Objectives. Congenital myopathies (CM) are a highly heterogeneous group of disorders with genetic cause, characterized by motor deficit and weakness usually manifesting in the neonatal period, with slowly progressive or non-progressive course and affecting both sexes. MC classification has undergone many changes over time, and in recent years molecular genetic studies have enabled identification of novel genes and mutations, thus increasing the diagnostic complexity.
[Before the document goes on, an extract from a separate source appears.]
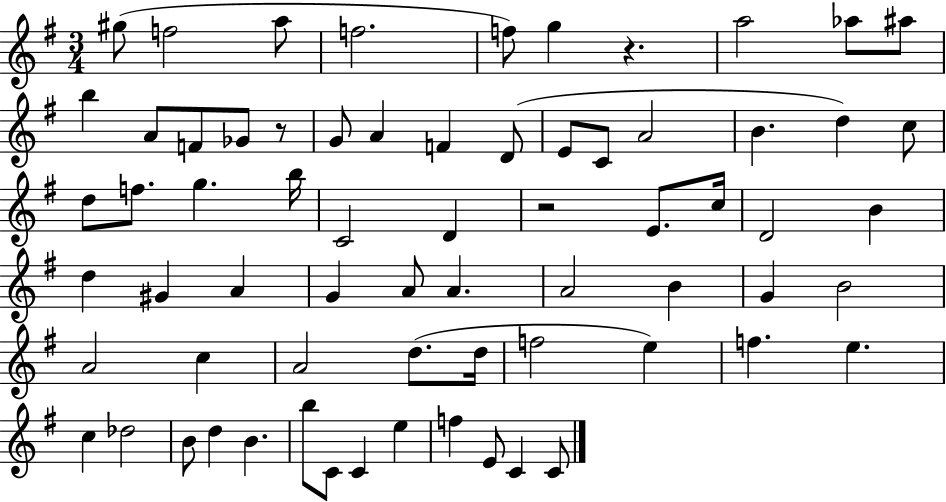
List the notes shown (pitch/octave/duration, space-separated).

G#5/e F5/h A5/e F5/h. F5/e G5/q R/q. A5/h Ab5/e A#5/e B5/q A4/e F4/e Gb4/e R/e G4/e A4/q F4/q D4/e E4/e C4/e A4/h B4/q. D5/q C5/e D5/e F5/e. G5/q. B5/s C4/h D4/q R/h E4/e. C5/s D4/h B4/q D5/q G#4/q A4/q G4/q A4/e A4/q. A4/h B4/q G4/q B4/h A4/h C5/q A4/h D5/e. D5/s F5/h E5/q F5/q. E5/q. C5/q Db5/h B4/e D5/q B4/q. B5/e C4/e C4/q E5/q F5/q E4/e C4/q C4/e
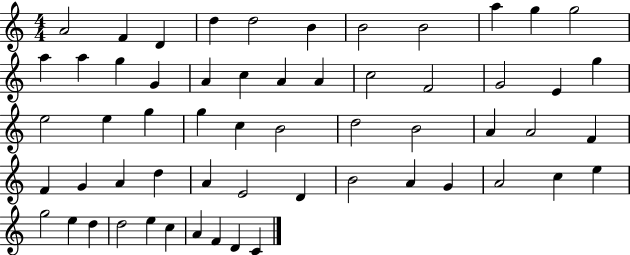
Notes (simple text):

We wanted to study the incidence and morphological features of the CM cases diagnosed by muscle biopsy in the Pathology Department of Colentina University Hospital over a period of 10 years (09.2005- 09.2015). Materials and methods. We retrospectively reviewed all the muscle biopsies diagnosed with different types of CM. Muscle biopsies were performed and specifically processed using routine and special stains on cryosections, semithin and ultrathin sections for ultrastructural examination. In all the cases we reassessed the clinical and laboratory data. Results. From a number of 1,530 peripheral nerve and muscle biopsies performed and analyzed in the 10 years period we diagnosed CM in 15 cases, representing 1.03% of the total. Of these, five were “central core myopathies”, five centronuclear/myotubular myopathies, one case of nemaline myopathy, one case of “reducing body myopathy” and three cases with congenital fiber type disproportion. Reassessment of morphological data in the clinical context allowed us to identify numerous overlaps between subtypes both in the clinical and pathological picture. Conclusions. The reduced number of MC identified in our country suggests that these diseases are probably underdiagnosed or diagnosed late, requiring a better understanding of the various clinical and pathological particularities. In the accurate diagnostic algorithm, muscle biopsy remains essential to establish the type of CM and thus to direct genetic tests.